2. Россия – родина летающих бегемошек
.
Образ, который первым возникает в моей читательской памяти после знакомства с дневником – это сам Кэрролл, на закате дня зачарованно взирающий на российские просторы с открытой вагонной площадки поезда Петербург-Москва. Увиденное его захватило, но как именно и можно ли его чувство описать словами (скажем, словами Гоголя о летящей сквозь века птице-тройке), - сказать сложно. На такие фантазии и сантименты дневник Кэрролла скуп. Утром деспотичный проводник прогнал восторженного путешественника обратно в вагон.
.
С точки зрения литературной хронологии Льюиса Кэрролла, его «Дневник» (1867) помещается как сыр в двойном бутерброде – между визитом Алисы в Страну Чудес (1865) и её похождениями в Зазеркалье (1871). Зная об этом, читатель заранее предвкушает чудесные приключения Кэрролла в стране, так мало похожей на Англию. Однако в путевых заметках трудно разглядеть какие-либо авантюрные намерения автора (он не прыгает в норы, не ходит на голове и не разговаривает с гусеницами). В каждой строчке он – смиренный наблюдатель. Ведь формально путешествует не Кэрролл, а Доджсон – учитель математики из Оксфорда, лицо духовное.
.
И всё же Ч. Доджсон не был бы Л. Кэрроллом, если бы, всю дорогу, не фиксировал странное – «гротескные» (grotesque) православные обряды и церкви с башенками, похожие то на выдвинутые телескопы, то на обеденный судок. Как естествоиспытатель он попробовал shchi, soop, kotletee, а pirashkee предпочёл запить кофе (о зеркальном молоке не упомянуто). Он пытался записать самое длинное русское слово латиницей, видел как «расшибают лбы» православные прихожане, слышал пение муэдзина, сумел у кучера отвоевать десять копеек, изумлялся каскаду фонтанов в Петергофе и картинам русских художников в Эрмитаже.
.
И хотя наблюдаемые им парадоксы местами предвосхитили детективные загадки Честертона, меня всё время не оставляло чувство, что Льюис Кэрролл путешествовал «сидя у окна, не выходя из купе». Пытаясь разобраться в причине такого моего восприятия, я пришел к выводу, что мне легче принять идею, что дневник был написан не вполне Льюисом Кэрроллом, и даже вполне не им, а, попросту говоря, кем-то подделан. Не спорю, дневник написан мастерски, читается увлекательно и легко (будто самим Кэрроллом!), но в нём слишком многого нет, хотя многое напрашивается.

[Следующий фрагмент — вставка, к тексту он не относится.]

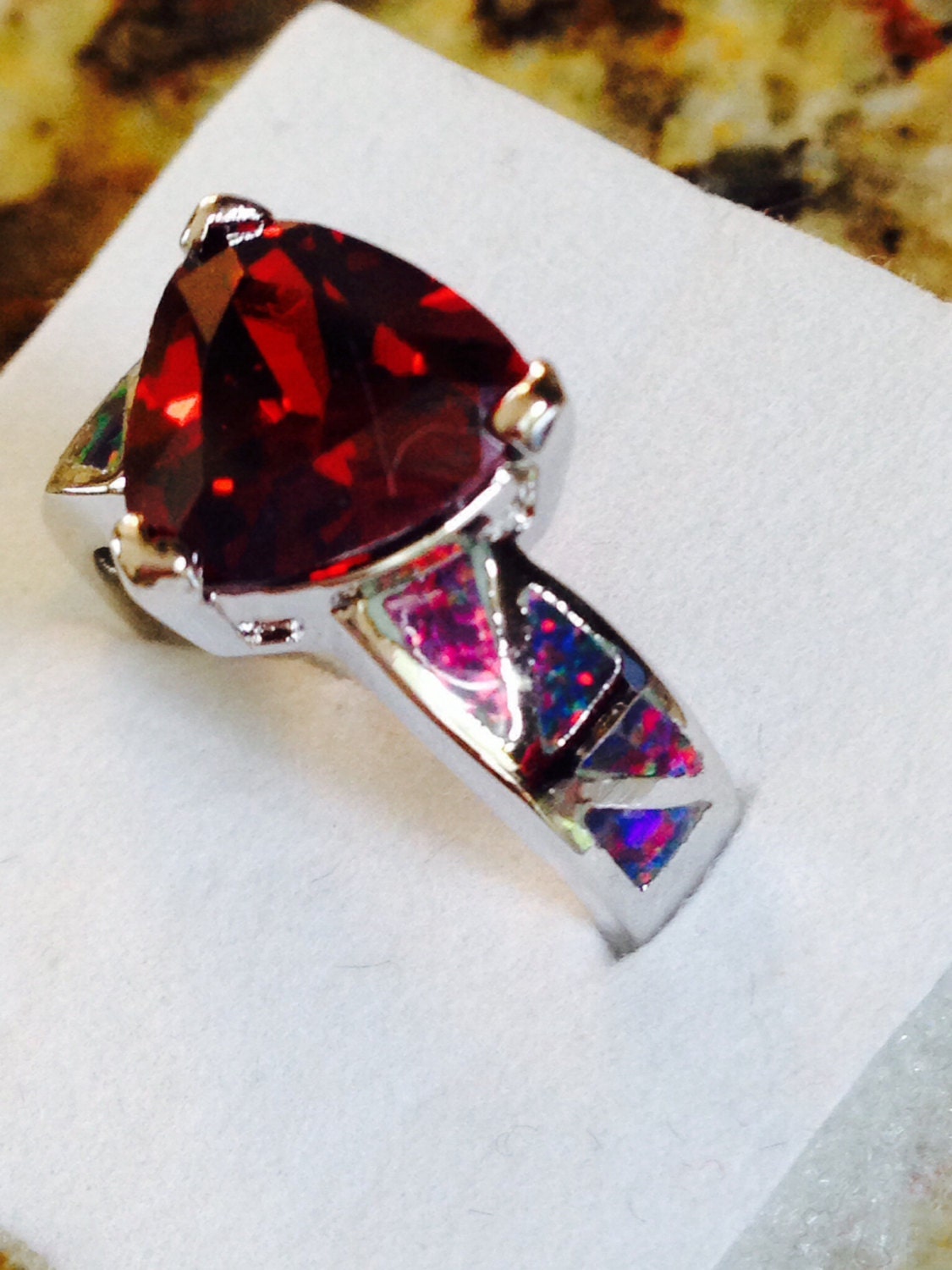 Cherry fire opal. Red opal ring. Cherry fire opal ring. Red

3. Невозможные встречи 1867 года
.
В своей поездке Льюис Кэрролл допустил несколько (если не сказать больше) принципиальных ошибок, чем сильно упростил задачу для литературного мистификатора.
.
Во-первых, он избрал самый неудачный год для поездки в Россию. Если бы Кэрролл пожелал встретиться с кем-нибудь из знаменитых русских писателей, выбирать было бы почти не из кого.
.
Достоевский спасался от кредиторов бегством. В 1867-м Фёдор Михайлович выехал за границу, в Баден, и как раз в период июля-августа (время посещения Кэрроллом России) он с азартом то проигрывал, то выигрывал в рулетку шальные деньги. В перерывах между этими занятиями он отчаянно спорил с Тургеневым по вопросу отношений между Западом и Россией – стало быть, Тургенев тоже был в Швейцарии. Диссиденты Герцен и Огарёв уже несколько лет, как перебрались в швейцарскую Женеву, - правда, из Лондона, - и на новом месте продолжали издавать «Колокол». В 1867 году Чернышевский, автор романа «Что делать?», после ареста и одиночной камеры уже три года, как отбывал ссылку в Сибири на Монгольской границе (и значит, тоже был «вне доступа»). Салтыков-Щедрин в те годы больше был занят на чиновничьем поприще, чем на писательском. В 1864-м он был назначен управлять казённой палатой в Пензенской губернии, в 1866-м – уже в Туле, а в 1867-м – в Рязани.
.
Гуляя по Петербургу, Льюис Кэрролл чисто теоретически мог заглянул на огонёк к Некрасову, - в это время сочинявшему поэму «Кому на Руси жить хорошо», - по адресу: дом Краевского, Литейный проспект, 36, квартира 4. Но, увы, ни этого адреса, ни фамилии Некрасов в дневнике английского писателя нет. Как нет в записях Кэрролла признания, что, устраиваясь на ночь на полу в поезде Москва – Нижний Новгород, Кэрролл шепотом декламировал стихи Некрасова о бедных мужиках – строителях железной дороги.
.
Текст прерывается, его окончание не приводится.